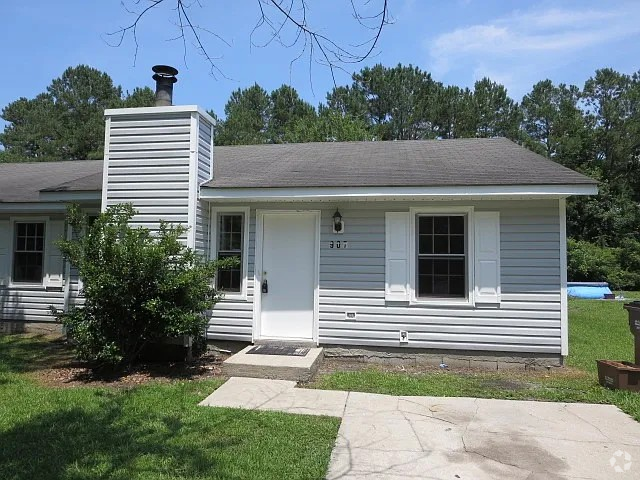 Building Photo - 907 Sycamore Pl Rental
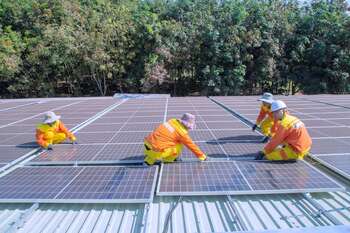 Fotovoltaico - Photo credit: Hoan Ngọc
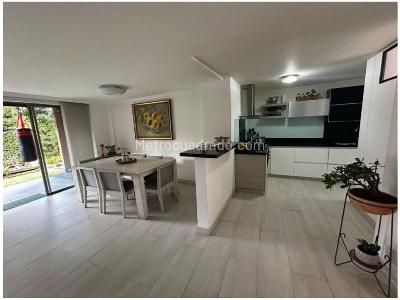 Casa de 3 alcobas en venta en Transversal Intermedia, Envigado, 260 m² · foto 5 de 20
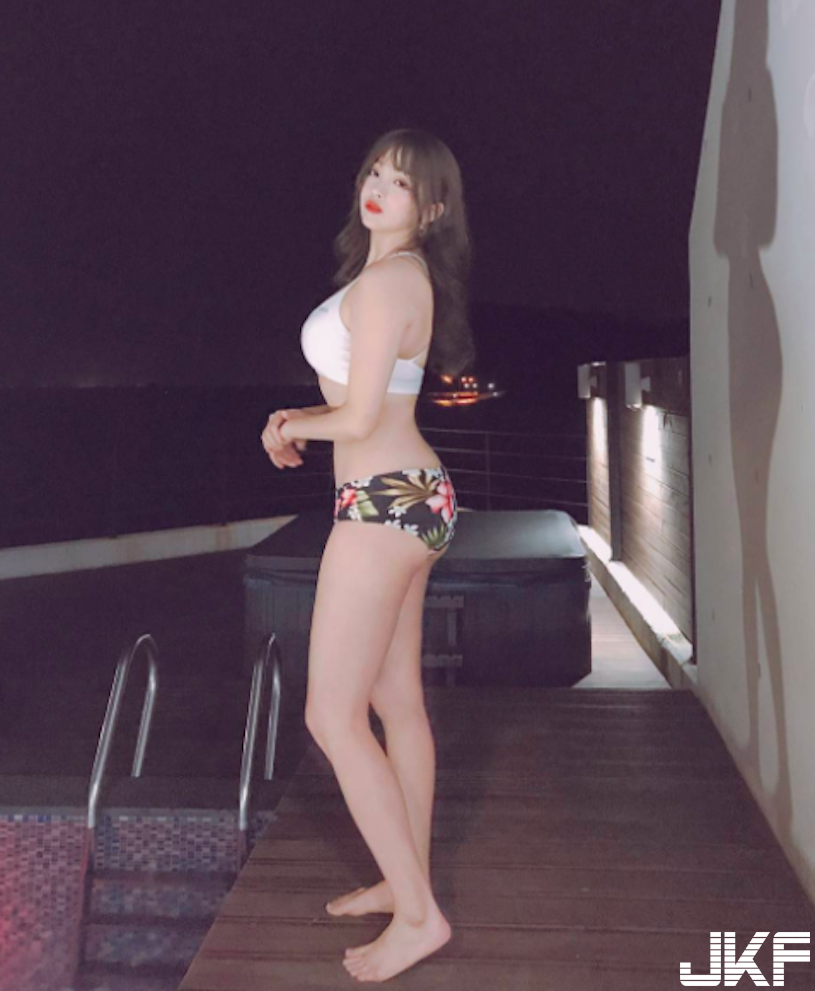 制服學生妹好兇啊！發育超好「把衣服撐爆」，這乳量真的太重了！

* [AIM OF THE EXERCISE] The material above must be set down word for word, with no picture carried over.

* [OUTPUT FOR THIS EXERCISE]
 Building Photo - 907 Sycamore Pl Rental
 Fotovoltaico - Photo credit: Hoan Ngọc
 Casa de 3 alcobas en venta en Transversal Intermedia, Envigado, 260 m² · foto 5 de 20
 制服學生妹好兇啊！發育超好「把衣服撐爆」，這乳量真的太重了！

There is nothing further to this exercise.